Ebbene sì stiamo per tornare sul nostro satellite ma questa volta per fortuna o disgrazia ci saremo anche noi italiani, e non sarà un viaggio di andata e ritorno in tempi brevi ma atterreremo sulla luna con l’intento di rimanerci, infatti questa  visione a lungo termine viene dal fatto che serve una base per portare l’uomo ancora più lontano e cioè arrivare su Marte. Dopo una ricerca tra le dichiarazioni ufficiali sembra che non questo progetto non sia solo sulla carta ma si tratta di un vero e proprio progetto già iniziato (googlate programma ARTEMIS).

Programma Artemis Luna/Marte

Questo programma mira a costruire una base permanente sul suolo lunare entro il prossimo ventennio, gode di un’ampia cooperazione internazionale logicamente a trazione principale USA che con il suo ente spaziale NASA guiderà il programma in collaborazione con le agenzie spaziali di Canada, Giappone e l’Europea ESA (European Space Agency) nello specifico all’interno della composizione dell’agenzia ESA l’Italia avrà un ruolo di primo piano che andrà al di fuori della semplice e già esistente filiera dello spazio. L’Agenzia Spaziale Italiana infatti sta già collaborando con molte industrie Italiane che hanno il compito di realizzare molteplici componenti non che i veri e propri moduli abitativi. Il primo punto del programma è costruire una stazione orbitale che orbiti attorno al nostro satellite e utilizzare la stessa come base d’appoggio, una sorta di magazzino spaziale per poi in un secondo momento costruire veri e propri moduli abitativi autosufficienti sul suolo lunare.
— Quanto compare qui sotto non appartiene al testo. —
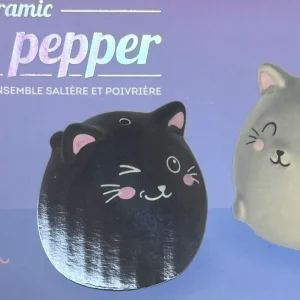 Sel & poivre chat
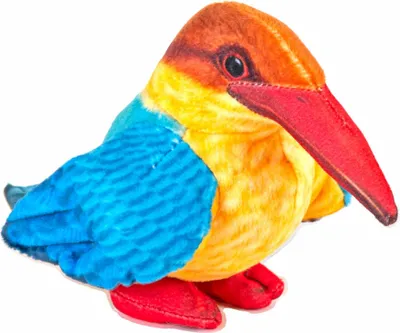 Produktbild von Wild Republic Eisvogel Pluschtier - 12 cm - Plusch - Tier Pluschtiere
Il “lunar gateway”, così sarà chiamato la copia in formato ridotto della attuale stazione spaziale orbitale (ISS), avrà il compito di ospitare gli astronauti prima della discesa sulla luna, i primi lanci per la costruzione di questa stazione orbitale lunare sono in programma per il 2024. Si tratta di una sfida epocale e per l’Italia non sarà sicuramente un compito facile, d’altronde tutto questo programma impone uno sforzo ingegneristico fuori dal comune, percorrere i 400.000 chilometri che ci separano dal nostro satellite garantendo la sicurezza dell’equipaggio non solo nella traversata ma anche nella permanenza orbitale all’interno di una capsula sicuramente non sarà cosa da poco ancora oggi visto le difficoltà riscontrate, molti si chiedono se sia vera la storia che l’uomo abbia già calpestato il suolo lunare, il seme di questo avveniristico programma è stato piantato ora dovremo solo aspettare per vedere i risultati che arriveranno nei prossimi anni.